**EXERCISE INSTRUCTIONS**
The answer should hold every line of the listing, unchanged and free of images.
Segment Start: DATASET CONTENT
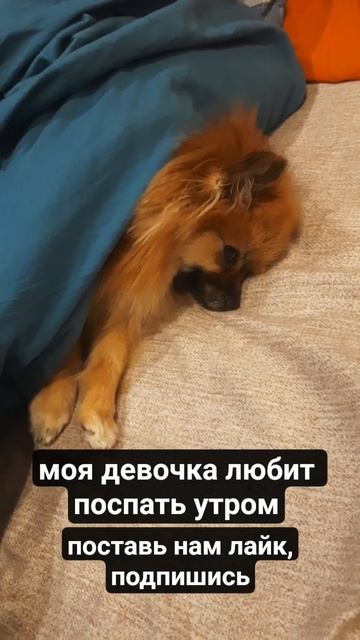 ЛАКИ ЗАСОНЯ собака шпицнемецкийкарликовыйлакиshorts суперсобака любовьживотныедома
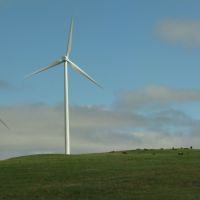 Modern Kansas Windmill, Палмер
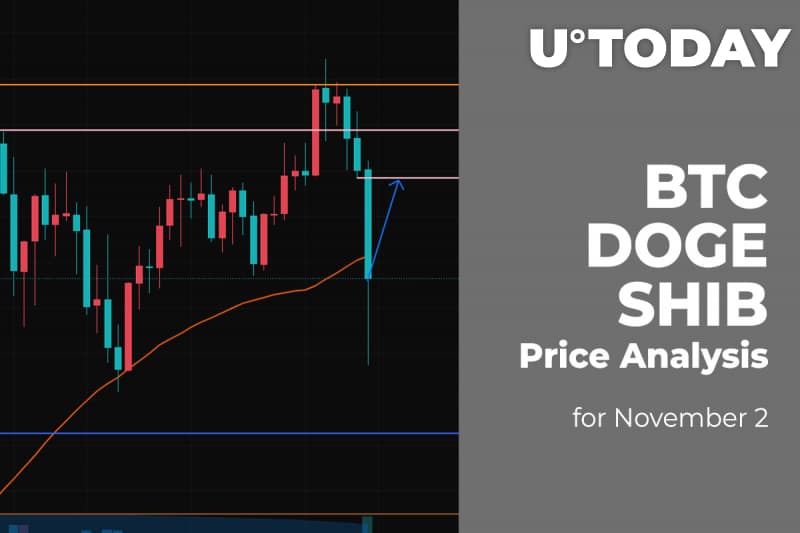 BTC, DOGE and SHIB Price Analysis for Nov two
Segment End: DATASET CONTENT
**SOLUTION BELOW**
 ЛАКИ ЗАСОНЯ собака шпицнемецкийкарликовыйлакиshorts суперсобака любовьживотныедома
 Modern Kansas Windmill, Палмер
 BTC, DOGE and SHIB Price Analysis for Nov two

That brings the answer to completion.